Customer Churn Data Pipeline

An end to end data pipeline that models and visualizes customer churn. The project blends together concepts from data engineering, analytics engineering, and machine learning.

The dashboard can be accessed here.

Overview

This project was developed to:

Employ various elements of the modern data stack
Be applied to a somewhat realistic business use case
Serve as a template for others to learn from and use via extensive documentation

What's Next?

Model retraining pipelines with Experiment Tracking using MLflow
Automated model deployment using MLflow Model Registry
Monitoring using Evidently and Grafana
Implement unit and integration tests for Airflow functions.
Develop SCD2 functionality for dimension tables.
Evaluate feasibility of incremental refresh (models) via dbt to prevent overhead.

Project Architecture

For this project, the Telco Customer Churn data module which is a sample dataset on IBM's Cognos Analytics platform is used. This seemed like the best representative considering the difficulty in finding a decent dataset for the use case.

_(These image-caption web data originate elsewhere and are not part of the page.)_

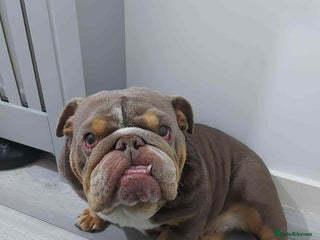English Bulldog dogs - Advert 10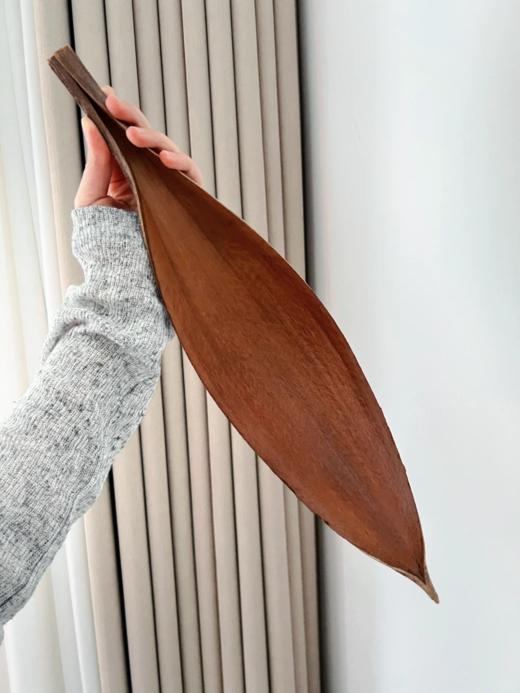 同城甄选小众可可叶干花叶材婚礼用花家庭插花家居软装摆件装饰品 商品图2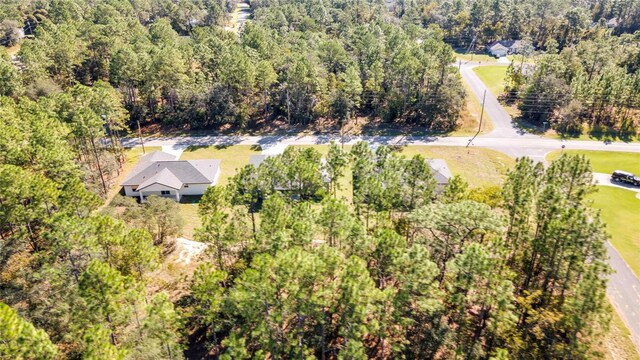 8104 N Santos Dr, Citrus Springs, FL 34434 - photo 56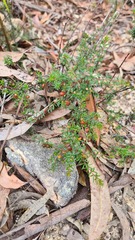 Micrantheum ericoides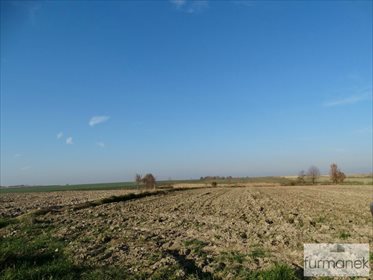 Działka rolna na sprzedaż Babice 7 838m2 Foto 2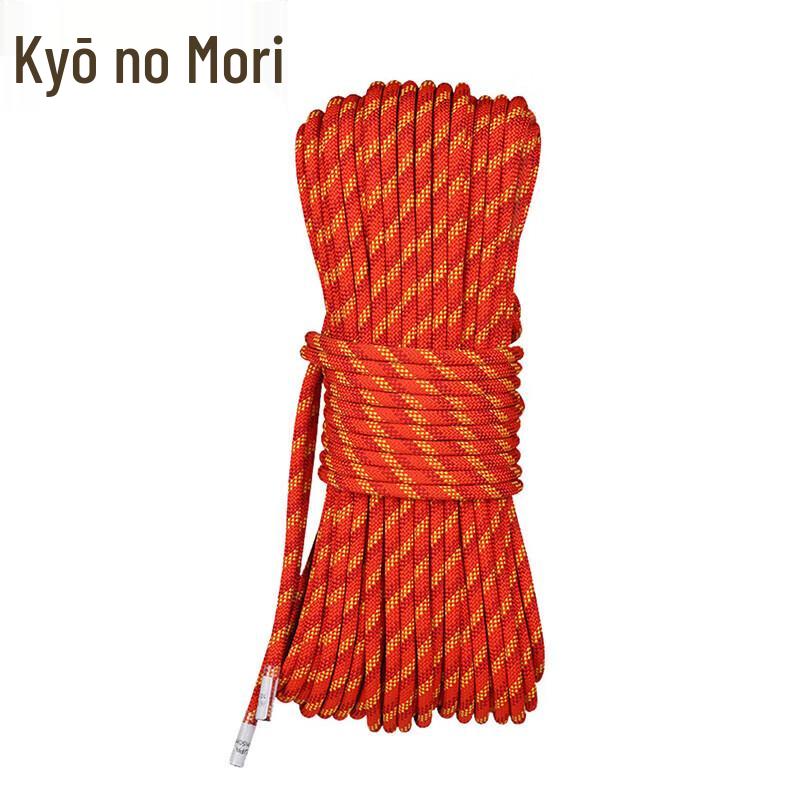 Jingzhisheng Outdoor Rock Climbing Ascender Descender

The dataset is then used to train two models. The first is a Gaussian Copula Synthesizer to produce synthetic data with characteristics similar to the original. This is done since there is not much data to go around and serves as a rudimentary imitation of data entering the database, The second is an LGBModel which is a product of using FLAML's AutoML implementation on the data, and its purpose is to predict churn status for a particular user.

Both models are hosted via FastAPI and are accessed this way. Airflow is then used to orchestrate the pulling of data from the Synthesizer, obtaining churn status prediction for said data from the classification model, generating a ULID for each customer, and writing it all to a Postgres database. Airflow is also used to trigger dbt afterward to run tests and apply necessary transformations. The data is modeled after the star schema and is finally visualized as a dashboard using Metabase.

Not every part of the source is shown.